Department of Civil & Environmental Engineering

Ph.D. Dissertation Defense Presentation

Time: Thursday, Dec. 6th at 10:30 a.m.

Place: Room A10 Engineering Research Complex

 

ENVIRONMENTAL ASSESSMENT OF TRANSPARENT PHOTOVOLTAICS

By

Eunsang Lee

Advisor: Dr. Annick Anctil

 

ABSTRACT

Transparent organic photovoltaics (TPV) can harvest energy from the near-infrared (NIR) and ultraviolet region of the solar spectrum and could be used in new applications such as windows.  In addition to producing electricity the transparent organic solar cell absorbs in the NIR region and could reduce the cooling energy demand of the building during summer. Organic photovoltaics is an emerging technology, developed mostly to replace fossil fuel energy based to reduce greenhouse gases emissions. As new technology is reaching commercialization, it is essential to quantify its environmental impact and ensure that new issues are not created. Life cycle assessment (LCA) is often used to compare energy technologies and identify environmental concerns but is challenging for emerging technologies due to lack of inventory data. To  guide future transparent OPV development this work (1) demonstrates a new iterative methodology to evaluate and guide OPV material manufacturing that combines LCA and green chemistry approaches, (2) evaluate the energy saving from organic TPV in window and skylight applications in various cities, and (3) assess the impact of organic TPV on urban heat island effect.

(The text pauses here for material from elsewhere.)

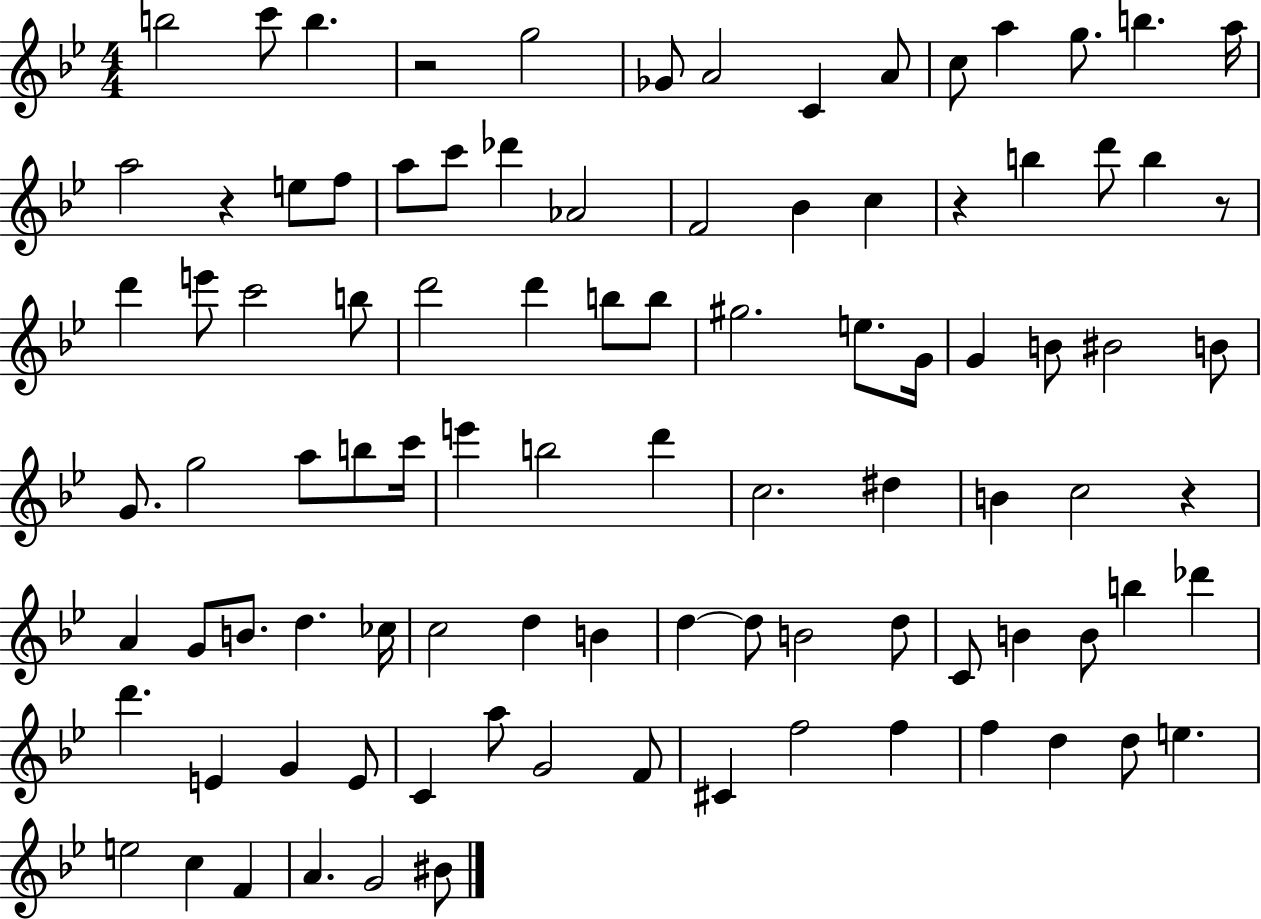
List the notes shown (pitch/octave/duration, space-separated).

B5/h C6/e B5/q. R/h G5/h Gb4/e A4/h C4/q A4/e C5/e A5/q G5/e. B5/q. A5/s A5/h R/q E5/e F5/e A5/e C6/e Db6/q Ab4/h F4/h Bb4/q C5/q R/q B5/q D6/e B5/q R/e D6/q E6/e C6/h B5/e D6/h D6/q B5/e B5/e G#5/h. E5/e. G4/s G4/q B4/e BIS4/h B4/e G4/e. G5/h A5/e B5/e C6/s E6/q B5/h D6/q C5/h. D#5/q B4/q C5/h R/q A4/q G4/e B4/e. D5/q. CES5/s C5/h D5/q B4/q D5/q D5/e B4/h D5/e C4/e B4/q B4/e B5/q Db6/q D6/q. E4/q G4/q E4/e C4/q A5/e G4/h F4/e C#4/q F5/h F5/q F5/q D5/q D5/e E5/q. E5/h C5/q F4/q A4/q. G4/h BIS4/e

The methodology was used to identify the “hotspot”, which correspond to the process  that has the highest impact for chloroaluminum phthalocyanine (ClAlPc). An optimized process that reduces the environmental impact by 3%, the cost by 9% and chemicals hazard by 23% compared to the current process was demonstrated. The impact of TPV during the use phase was studied using ClAlPc based devices in window application. The building energy performance was shown to be improved by up to 20 % due to heating and cooling energy saving. The energy saving vary with climate since NIR absorption by TPV in window is more efficient in warmer climate. The use of TPV for window  in urban area could also reduce the energy demand of buildings. The net energy saving by the TPV application in urban area was calculated to be higher than in rural area by up to 2 GJ per month.